Friday, 7 November 2008

Italian Shops

After my recent trip to Italy, I was amazed at the effort and detail that almost every small shop owner puts into their shop front.

I knew that Italians were among the smartest dressed people in the world, but I didn’t know that they also took so much pride in the presentation of their shops. We stayed for 4 days in the walled town of Lucca in Tuscany (Toscana). Lucca is an amazing town. A city of Medieval history, almost every building within the walls of the town has character.

Every shop from the cobbler, delicatessen, bakery, confectioner, tobacconist , chocolate shop to clothing shop made the most out of their display areas. There was a chocolate shop that had a queue outside and onto the street that sold such elegantly presented chocolate selections. There was another chocolate shop only a few doors down the same street and they had completely different range of products. I can say that I have never seen such a collection of traditionally run establishments in one space.  



There was a small shop selling only spirits, but they managed to put a barrel and a tiny copper distiller in the window. Lucca also has some of the best wine stores in all of Italy. There is also an antiques and art fair on the third Sunday of every month in Lucca, it sprawls into various narrow streets and piazzas.

Thursday, 23 October 2008

Vehicle Graphics

I’ve been looking at vehicle graphics while I’ve been on holiday this year. I was in Toronto in the spring and I’m just back from a week in Italy. I’ve now become a collector of pictures of cool vans that have been “wrapped”

I walked past this van and had to take a quick snap. It is obviously a mobile advert for a vineyard, which is great because all they have to do is park it up and people are automatically interested. Also, because we always subconsciously associate the color blue, or images of the sky, with thoughts of clear optimism, then this has a shiny, sparkly atmospheric quality that we can’t quite describe. But when we walk past we know that it looks cool, but can’t quite explain why.



I passed this van parked on the harbor front. It is another example of a very clear message. What do they do? Answer: Pizza restaurant. I know it’s obvious, but I’ve seen so many vehicles that are unreadable. 

These two were taken in Italy. Again they are exactly what they say they are, but this is why I like them.



So I couldn’t resist putting in a plug about some of the vans we at Fantasy Prints have done. We did a full wrap of a van for Blair Drummond Safari Park . We covered the vehicle with the background image, then we added the text over the top. We think the overall effect is quite impactful. We have also re-done one of our own vehicles to promote our photo studio and canvas printing departments. This is just a half wrap, but we still think it has a strong overall effect.














Friday, 10 October 2008

Evolving brands

Some brands are just part of the everyday fabric of our lives as consumers. I doubt if anybody noticed when irn bru changed the design of their cans last year. They have tweeked it ever so slightly. The previous design had been like that for almost ten years.



fanta have also recently changed to a more youthful look.


One more obvious one is cadbury's hot chocolate . They change their packaging about once every three years.

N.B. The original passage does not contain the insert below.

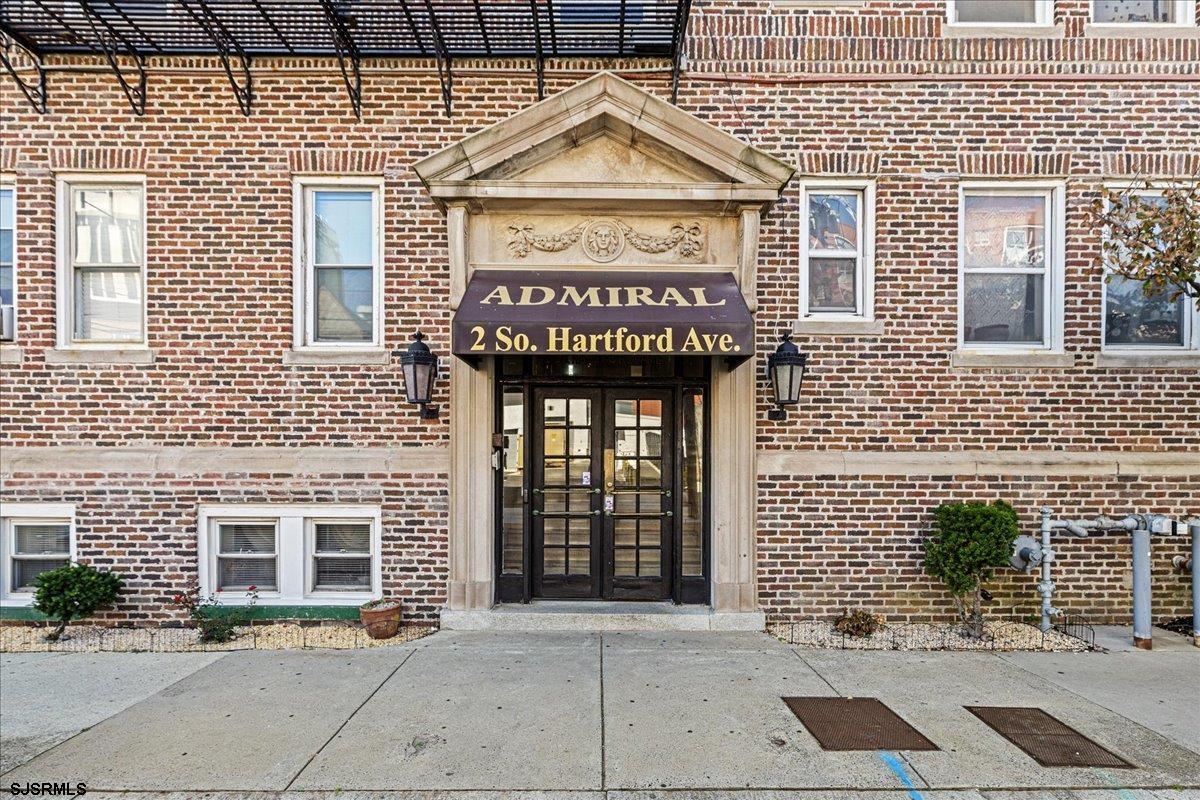 a view of entrance of a building with a street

It has evolved ever so slightly in such small amounts that, again, hardly anyone notices.

We already identify with brands so much that if a designer was to radically re-launch a product that looked completely different, it would need a substantial amount of advertising to back that change up.

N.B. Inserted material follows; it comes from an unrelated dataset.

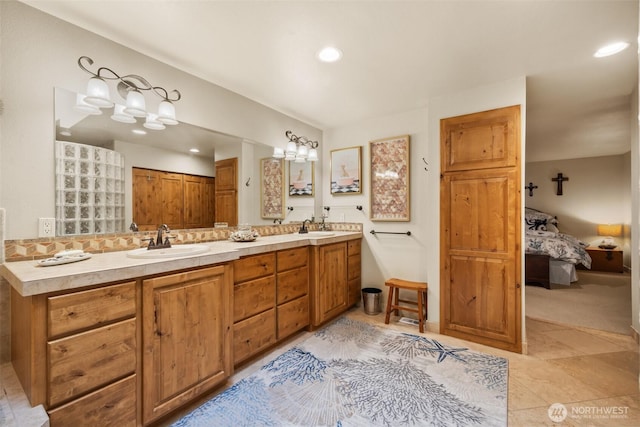 ensuite bathroom featuring recessed lighting, a sink, ensuite bath, and double vanity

The small local brand oxenrig eggs changed their free range eggs packaging a few years ago. They have since gone from a small local brand to a regional, not quite national brand. Their boxes can be bought from Edinburgh to Newcastle, which is very good for a small farm. I believe this success is down to people identifying with the strong brand.





Tuesday, 30 September 2008

Breakfast Cereals

I always wonder why breakfast cereals are so eye catching on the shelves of supermarkets. Why do they have such a “wow” factor? Is because the message they permeate has evolved into the subconscious equivalent of saying “wakey wakey!”


The cereals also take up almost as much room as the alcohol in my local supermarket. Do we really need about 35 different brands? Or is it that most of these brands come under the umbrella of just three parent companies, kelloggs , weetabix and nestle ? Cereal packaging by its very nature takes up more room than, say tins of beans, so maybe if the big players ensure that they have such a large variety, that the smaller cereal brands don’t even get the chance to compete. Are there any smaller cereal brands?

 

From a design point of view, the packaging leaves very little room to visualize the actual cereal. With the exception of optivita , they focus more on the ‘big swoosh’ and bright morning sunshine colours, which I admit do work in their purpose to get that positive “get up and go” message across.



So I have to conclude that we all know what’s inside an otherwise boring box of cereal and the unique selling point of each individual product type doesn’t differ so much. Their main device for selling more product is by emphasizing their “top of the morning” message.

Friday, 26 September 2008

My first entry

Well this is my first blog entry. The purpose of this blog is to show and discuss contemporary design at its widest of perspective, from grahic design, contemporary architecture, 3D design, retail environments, cg animation, display graphics to street signage. Graphic design is my profession. I'd like to showcase a little bit of my own work, but mostly pass comment on work done by others.